** Opening Task inputs block **
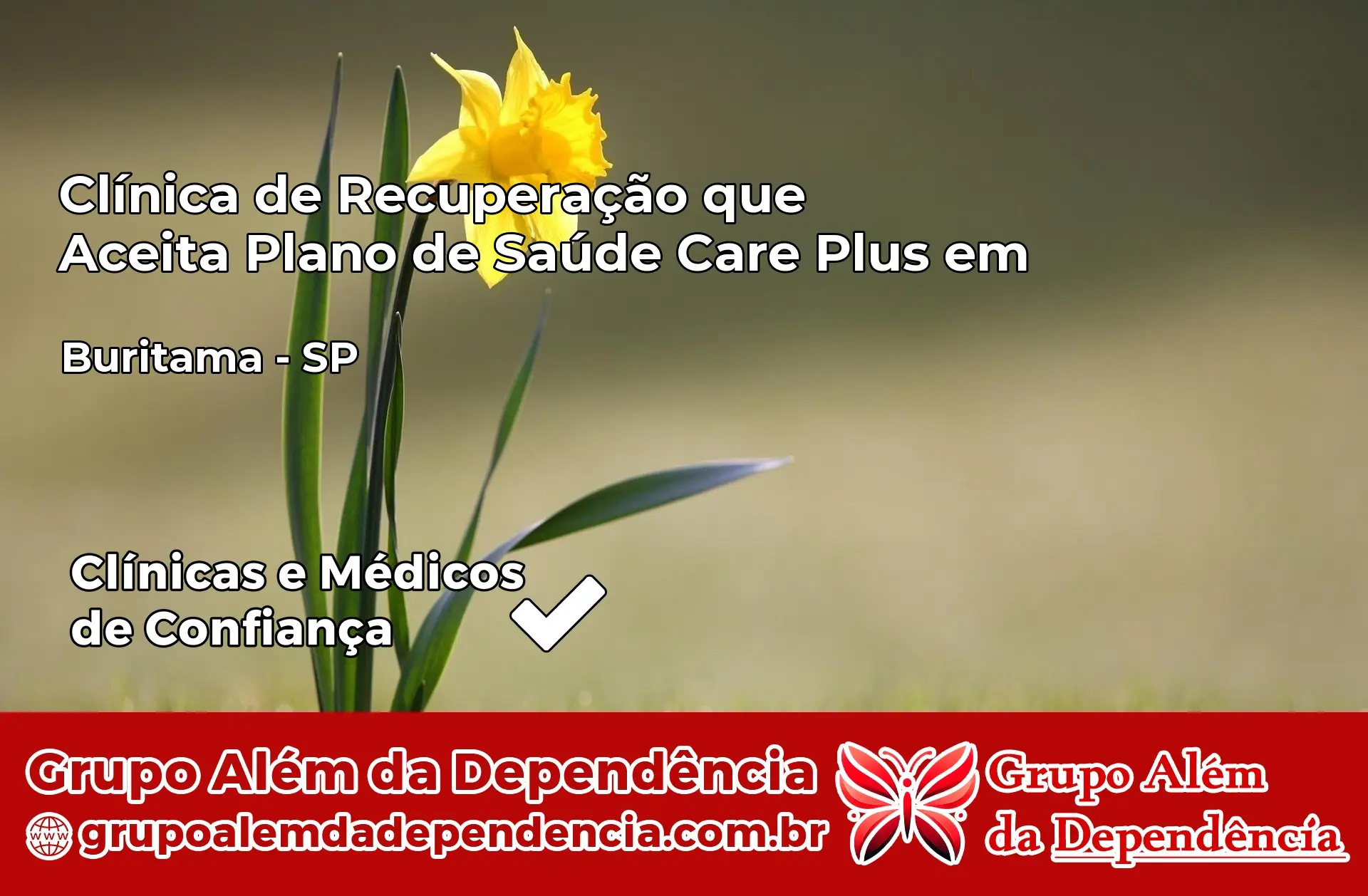 Clínica Care Plus em Buritama – SP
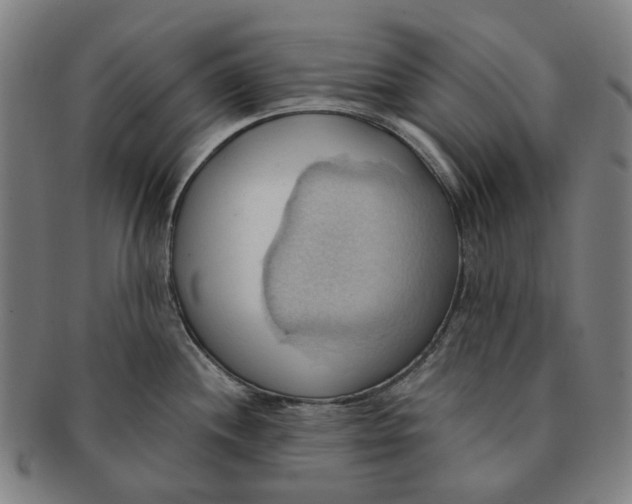 X0000090981244200708301241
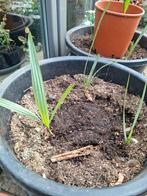 Brahea armata de blauwe Mexicaanse waaierpalm, Ophalen of Verzenden, Zomer, Overige soorten, Volle zon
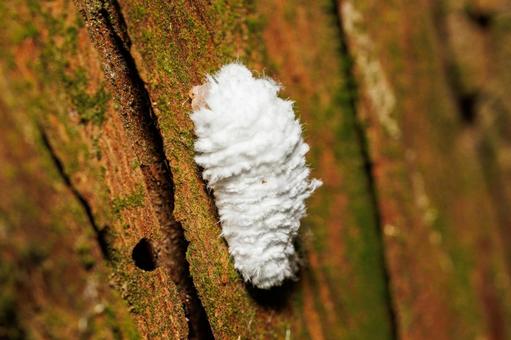 蝉の成虫に寄生するセミヤドリガNO幼虫 蝉の成虫に寄生するセミヤドリガNO幼虫の写真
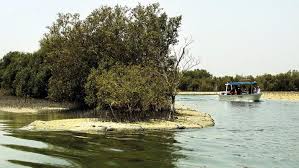 View deals for anantara eastern mangroves abu dhabi hotel, including fully refundable rates with free cancellation. Kayaking In The Sunset In Abu Dhabi S Eastern Mangroves Friday Magazine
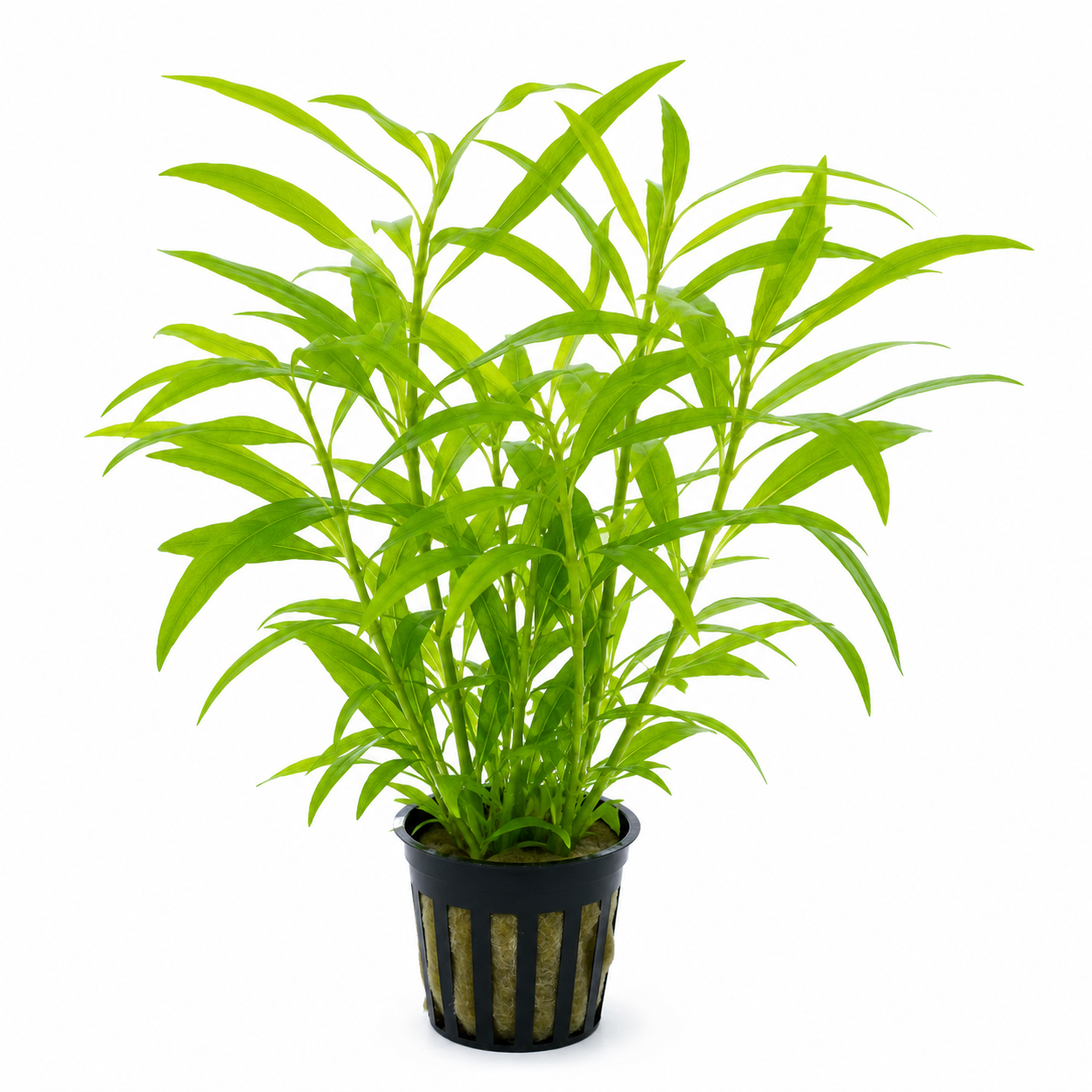 Hygrophila Polysperma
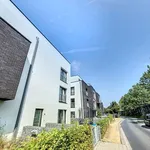 Rent 1 bedroom apartment in Bruxelles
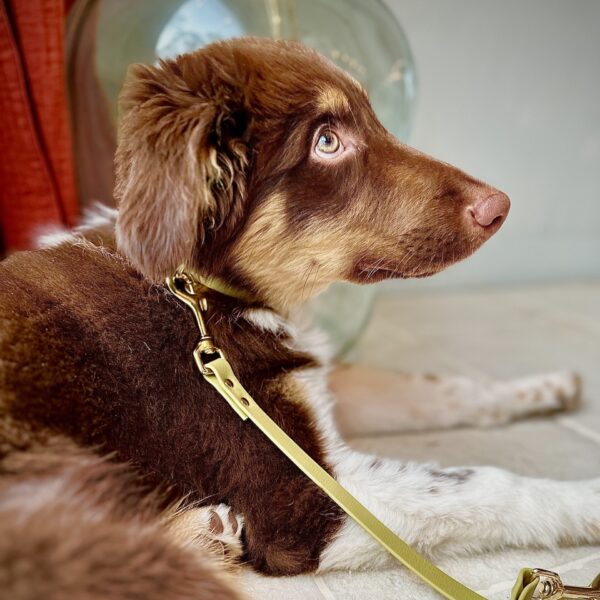 Biothane Hondenlijn Olijfgroen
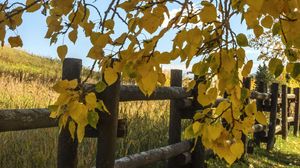 Preview wallpaper tree, leaves, fence, field, autumn, landscape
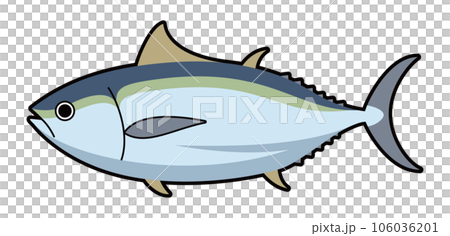 マグロ　イラスト 106036201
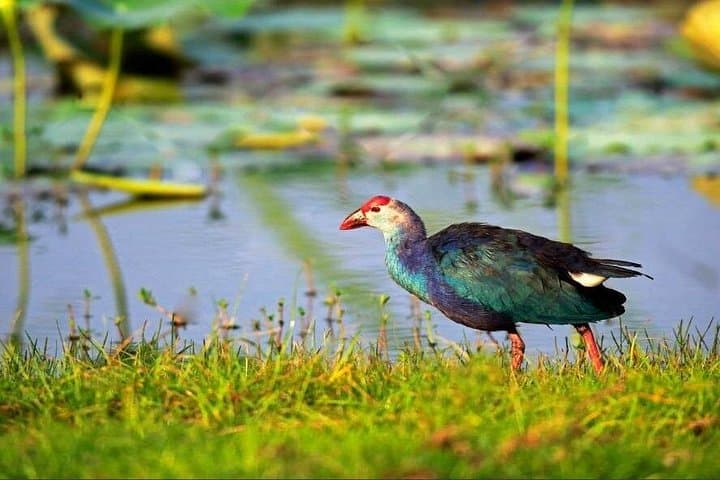 Kalametiya Catamaran Bird-Watching Tour: Coastal Wetlands & Paddle Experience photo 1
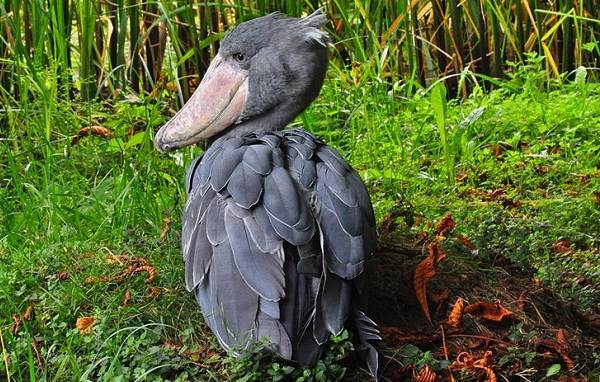 Китоглав-птица-Описание-особенности-образ-жизни-и-среда-обитания-китоглава-7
** Closing Task inputs block **
Directions for this task: Exactly as written, please give again the lines from the beginning of the listing through the line containing "Biothane Hondenlijn Olijfgroen", inclusive, without any pictures.

Answer for the task:
 Clínica Care Plus em Buritama – SP
 X0000090981244200708301241
 Brahea armata de blauwe Mexicaanse waaierpalm, Ophalen of Verzenden, Zomer, Overige soorten, Volle zon
 蝉の成虫に寄生するセミヤドリガNO幼虫 蝉の成虫に寄生するセミヤドリガNO幼虫の写真
 View deals for anantara eastern mangroves abu dhabi hotel, including fully refundable rates with free cancellation. Kayaking In The Sunset In Abu Dhabi S Eastern Mangroves Friday Magazine
 Hygrophila Polysperma
 Rent 1 bedroom apartment in Bruxelles
 Biothane Hondenlijn Olijfgroen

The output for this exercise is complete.